BinElla started operating a restaurant, using space in the building that had received planning permission for residential use by a member of staff. Both of these applications were made retrospectively, when many of the alterations and changes to business had already been made. This has increased the nuisance to the local residents, particularly on the other side of the Creek. If another restaurant were to be established so close by, it very likely would soon be applying for permission to have tables outside, perhaps music and other events outside, and the disturbance would be greatly increased. The Creek acts like an amphitheatre, amplifying the sound to the annoyance of other people, in this otherwise quiet and peaceful area at the approach to the countryside.

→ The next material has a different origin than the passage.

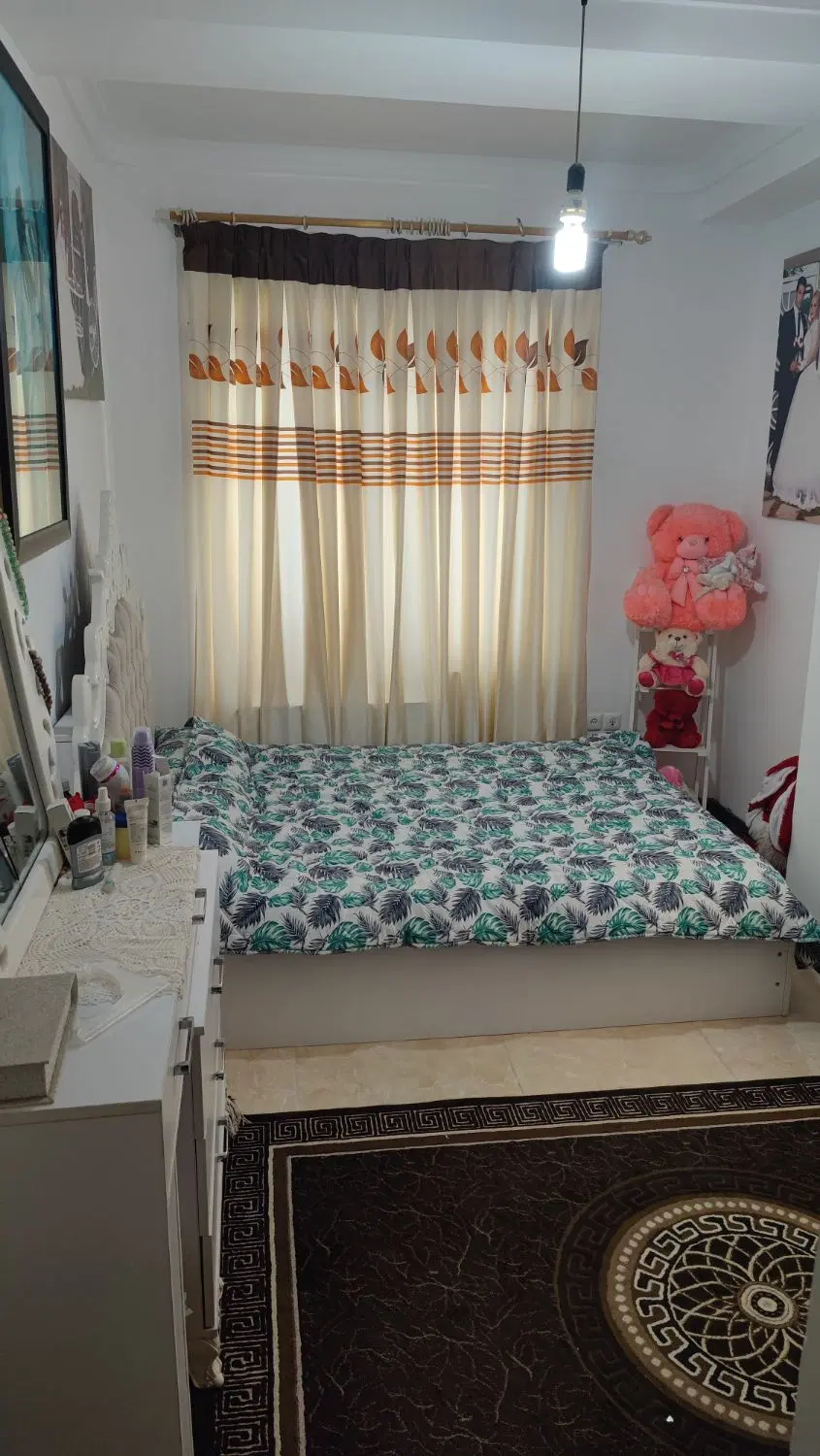 آپارتمان ۱۰۲ متری میرزای شیرازی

The traffic nuisance should not be ignored either. Swale had to pay costs against the previous appeal because you objected on the grounds of traffic flows in Abbey Street, but had no traffic survey to back up your objection. I suspect you still do not have a traffic survey. It would be well worth while to commission one. Anyone walking or driving down Abbey Street at almost any time of the day or evening, although especially at school times, will be aware of the slalom movements required of drivers.

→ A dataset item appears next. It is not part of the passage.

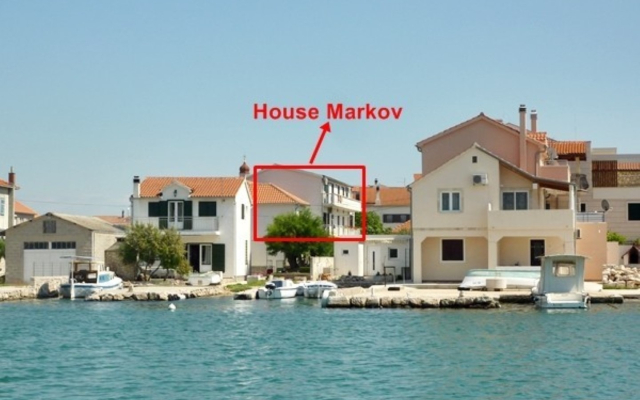 Apartment Drago - 50 m from sea: A2 Betina, Island Murter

Finally, the whole of Standard Quay is seriously at risk of flooding. The most recent flood in December 2013 brought water up to a depth of three and even four feet over the wharf and right across the roadway on the other side of the black buildings. These flood events may not be frequent, but they happen about every 15-20 years, and should not be ignored, especially with the expected rise in sea levels and increased frequency of unusual weather.

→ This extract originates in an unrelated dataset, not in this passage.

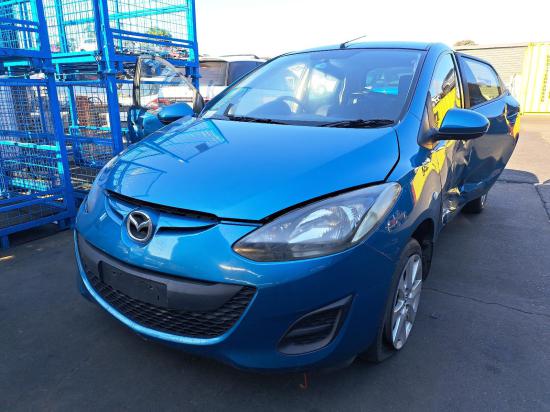 mazda 2 RIGHT HEADLAMP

It is very evident that the owner of Building No. 1 has neglected its repair and maintenance, as there are now holes in the walls. This is strange given that one of his agent’s arguments at the hearing of the Independent Examiner against the previous tenants was that they had not maintained the building well enough, despite the fact that they had taken it over in a derelict condition and then spent thousands of pounds on many thousands of feet of timber to reclad it. There is also an unauthorised block on the end of Building No. 1, which I believe is a toilet block, which has never received planning permission, is permanent enough to be connected to mains water and drainage, and certainly detracts from the appearance of the building. It does not show on the site maps provided by the applicant.
Faversham Creek Trust is a charity and a not-for-profit CIC with solid community support for our aims of working towards the maritime regeneration of the Creek for the benefit of the whole town, through training in heritage skills, education, tourism and employment. We have canvassed the opinions of our members as well as a wider group around the town (for example, at our Exhibition about FCNP in May 2014, attended by nearly 1,000 people), so we have evidence that we are speaking for a significant number of Faversham residents when we make these comments.
I hope that you and your fellow planners at Swale Borough Council will take these points into serious consideration when you make your recommendations regarding this application.